Any company-wide (GNU/)Linux deployment that uses LDAP or some other centralized user directory will not have devs with UID/GID 1000:1000. Hope is not a strategy.

> Any company-wide (GNU/)Linux deployment that uses LDAP...

You can go the extra mile and turn the UID:GID into build args like the original parent and you're good to go. No hacks necessary, and since it's all self contained into a .env file there's nothing extra you need to run since you're likely using an .env file already for other vars.

Alternatively you could do this: https://news.ycombinator.com/item?id=27344491

In either case you can solve the problem without too much effort.

> IMO it's really rare that your dev box's user wouldn't be 1000:1000 on native Linux or WSL 2.

Any major company using LDAP/AD or other forms of centralized user management won't be able to make that guarantee.

> In production you also have full control over the uid:gid of your deploy user.

If you're running in an un-managed environment, yes - managed hosting of any kind generally doesn't provide these guarantees.

Hm, you're right, I guess I've seen a non-1000 user very rarely. However, for a company of tens to hundreds of people where you want them to be able to develop locally, you might very well hit this issue, and if you hardcode 1000 it's going to be hard for them to work around it.

This method works well until it doesn't work at all, and I think I would prefer one that works slightly less well but also had an easier way to override it. Then again, I might try this and see if we ever hit an issue, thanks!

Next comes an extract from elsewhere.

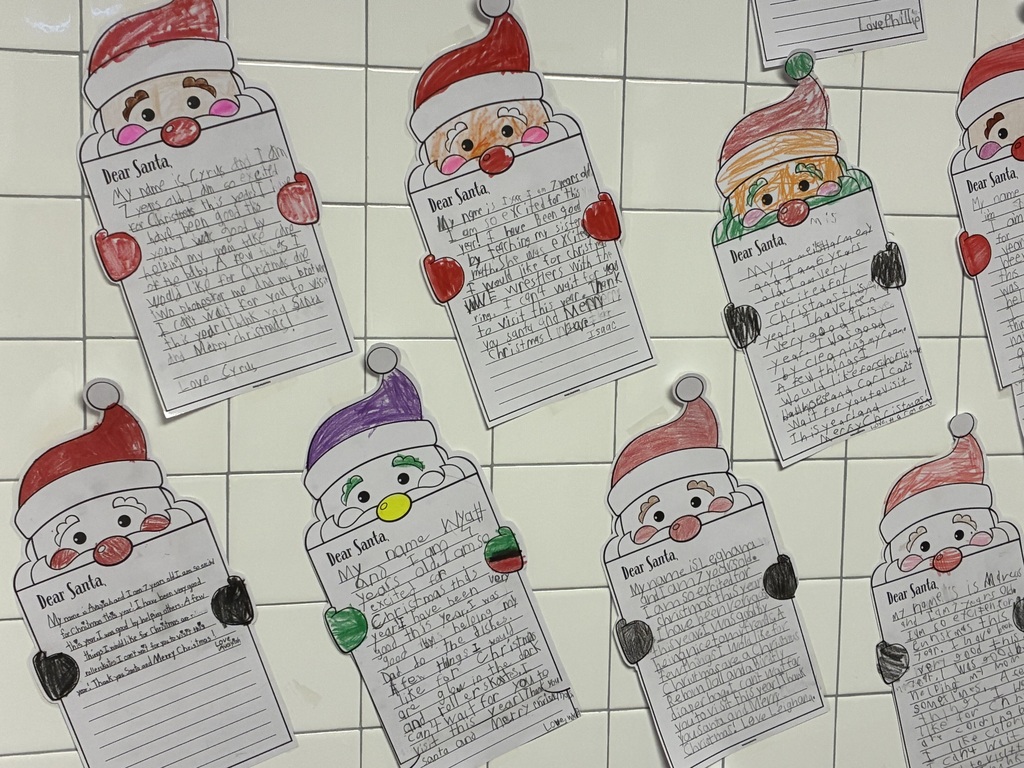 Student written letters to santa displayed on a bulletin board.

IIRC on Arch, unless you create your own group, you're part of the users group, with GID 100
maybe i did something weird last time i installed ubuntu, but my user is 1001:1002 and the default ubuntu user is 1000:1001
Within docker-compose.yml I use

  services:
    foo:
      image: foo/bar:6.9
      user: ${UID:-1000}:${UID:-1000}
On Linux with Bash it runs with your current user and most other platforms it runs with id 1000, which is setup as the default user in the Dockerfile. This is no problem on MacOS or Windows because of the way Docker-Desktop uses VM's.

ZSH or other shells don't necessarily set $UID, so if you're running Linux, not id 1000 and not running Bash you might need a little .env file with `UID=1001` in it to make it work. And then the user is still nameless in the container. This is kind of rare and I only use it for dev containers where most relevant files (and permissions) are bind-mounted from the host, so it hasn't really been a problem in practice.

Remaps would be cleaner but I find it too much work to explain for normal developers just wanting to use a dev container.

From my experience, UID is not always available as to docker-compose.yml because it isn't exported (at least in bash).

See more here: https://stackoverflow.com/a/50900530/15428104

$ declare -p UID declare -ir UID="1000"

The -x option is missing.

This is excellent, thank you.
Containers are ideally meant for a single service. The best way I've found is to just pass the `--user` flag to `docker run` and have the service run as whatever user it is that you want. The only challenge is that you need to make sure that the volume mounts are already created on the host with the correct permissions.
That runs the container as a given usee, but doesn't prevent the container running some processes as a different internal user.
If you built the container or inspected it before running you should know what the container is doing. Again, containers like Docker aren't really "meant" to run multiple processes. They are meant to run a single process and your app should be able to run as whatever user you run the container with. If you want to run multiple processes or services inside a single container then ultimately you're better off with a different container solution.
> more than one computers where in each computer my user has different ID

Decades of network filesystem users have had many solutions to that.

I can think of basically two solutions:

1) pass user/group names around and resolve them at the destination to UID/GID; 2) ignore them entirely; assign ownership of all newly created files to the currently authenticated user (if authorized).

Are there other ones?

3) treat a machine-id/user-id pair as the “real userid” 4) add a remote->local userid mapping feature to your filesystem.